Transfer of Microorganisms from Fomites to Hands and Risk Assessment of Contaminated and Disinfected Surfaces
AuthorLopez, Gerardo Urquijo
Foodborne Microbial Risk Assessment
Soil, Water & Environmental Science
AdvisorGerba, Charles P.
MetadataShow full item record
PublisherThe University of Arizona.
RightsCopyright © is held by the author. Digital access to this material is made possible by the University Libraries, University of Arizona. Further transmission, reproduction or presentation (such as public display or performance) of protected items is prohibited except with permission of the author.

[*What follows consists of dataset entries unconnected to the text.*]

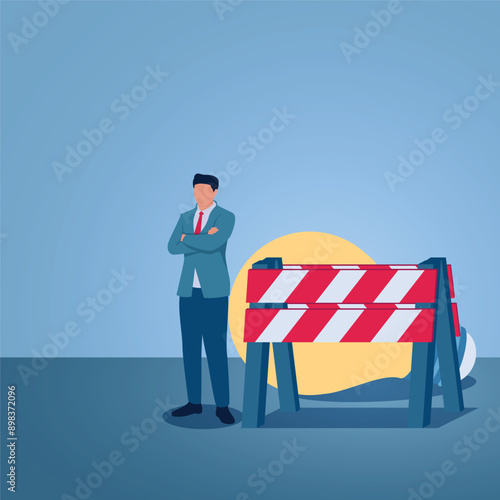 A man stands frustrated in front of a blockade of idea lights, an illustration of a fixed mindset.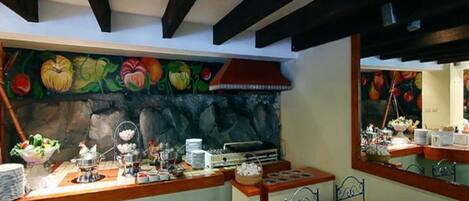 A breakfast buffet area with a stone wall and fruit-themed mural, wooden counter, and metal chairs.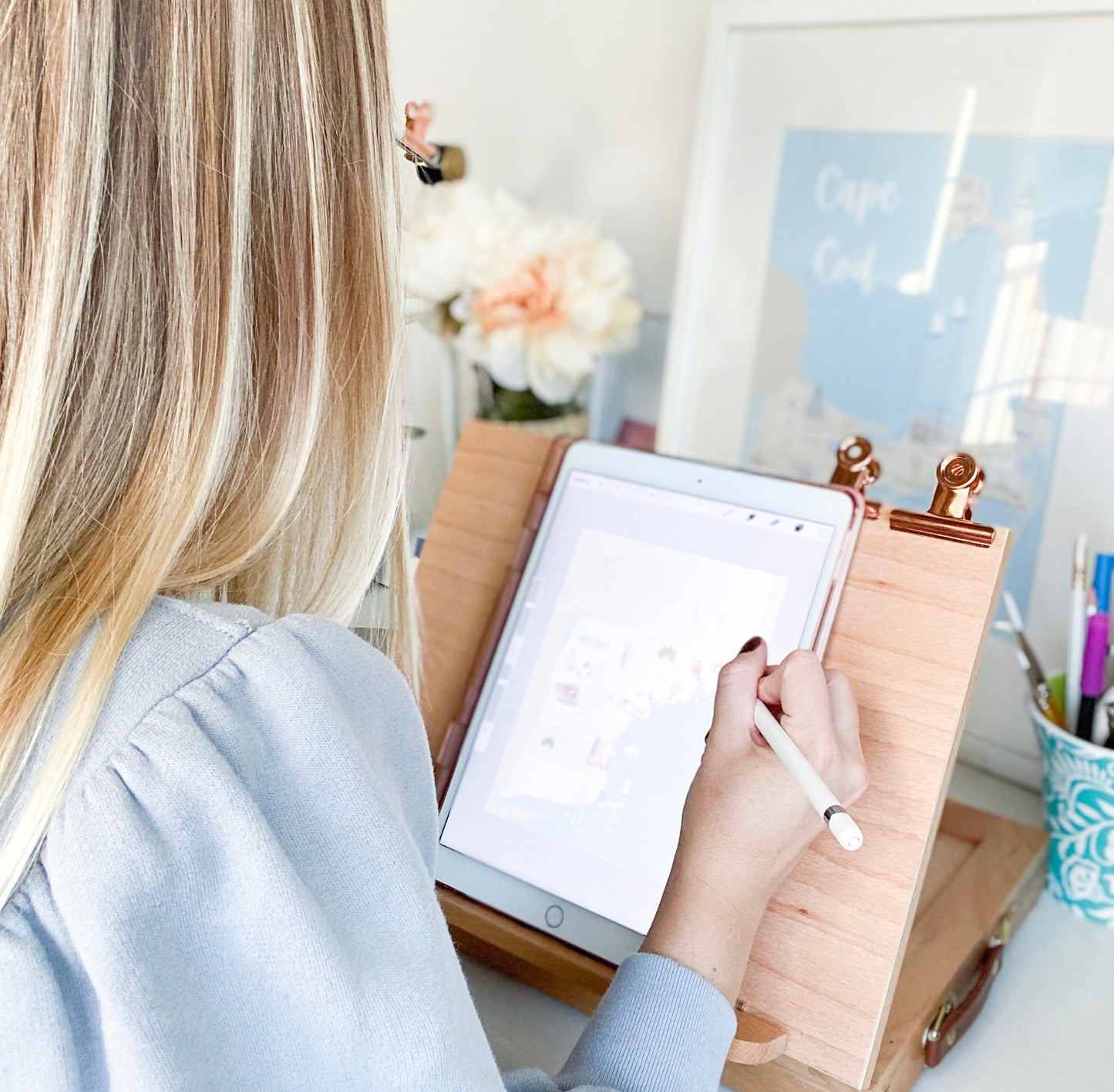 A woman with blonde hair, seen from behind, uses a white stylus on a tablet placed on a light wood desktop stand with gold-toned clips in a bright, modern home office setting.
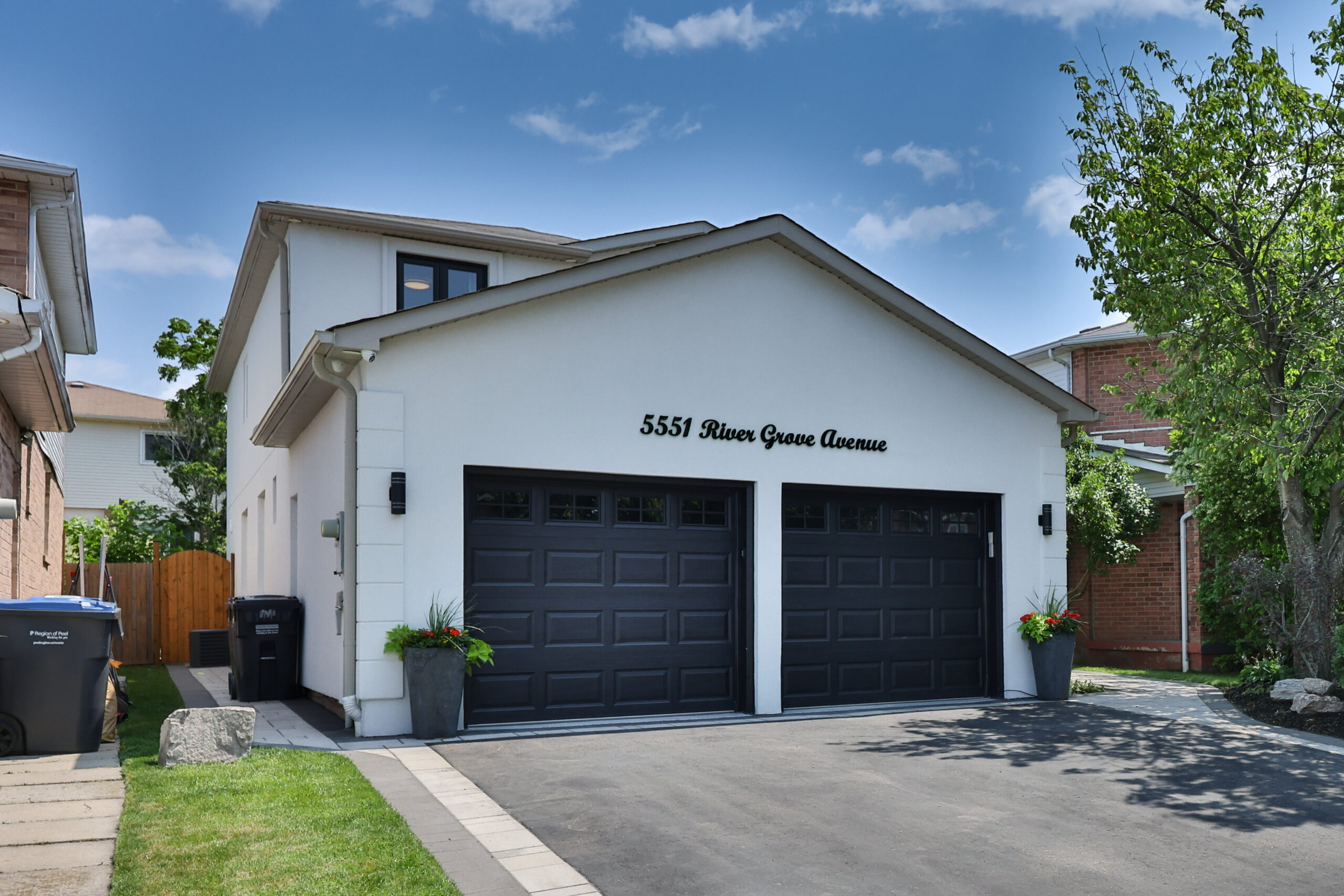 Modern two-car garage with black doors and green plants, blue sky above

EmbargoRelease after 07-Jul-2013
AbstractIt is now widely accepted that surface contamination plays an important role in the transmission of both respiratory and gastrointestinal infections in the domestic environment and community setting. The efficiency of transfer of a pathogen to the hand from a fomite is important in modeling transmission in microbial risk assessment models. The objective of this study was to use published literature to assess the role of fomites and hands in disease transmission, and to conduct fomite-to-finger transfer studies from various porous and nonporous fomites under different relative humidity condition using non-pathogenic strains of Escherichia coli, Staphylococcus aureus, MS2 coliphage, Bacillus thuringiensis spores, and poliovirus 1; to evaluate the persistence of bacteria and viruses on surfaces; to examine bacteria and virus transfer from treated surfaces; and to conduct a foodborne quantitative microbial risk assessment using Campylobacter jejuni from the data obtained in these studies. It was found that numerous factors influence the transfer efficiency of microorganisms, with moisture being the most important, with greater transfer under humid conditions. Other factors influencing transfer include drying time, contact time, pressure, friction, type of material, and porosity of the fomite. Percent transfer was greater under high relative humidity for both porous and nonporous surfaces. Most organisms on average had greater transfer under high relative humidity (40 - 65%) compared to low relative humidity (15 - 32%). Relative humidity and fomite type influenced the survival of all studied organisms; survival was greater on nonporous surfaces than those for porous surfaces. Test organisms were reduced up to 99.997% on the fomites after the surfaces were wiped with a disinfectant wipe. Microbial fomite-to-finger transfer from disinfectant wipe-treated surfaces were, lower than from non-treated surfaces. The disinfectant-wipe intervention reduced the risk of Campylobacter infection, illness, and death by 2 to 3 orders on all fomites. The disinfectant-wipe intervention reduced the annual risk of illness below the reported national average of diagnosed Campylobacteriosis cases 1.3E-04. This risk assessment demonstrates that the use of disinfectant wipes to decontaminate surface areas after chicken preparation reduces the risk of C. jejuni infections up to 99.2%.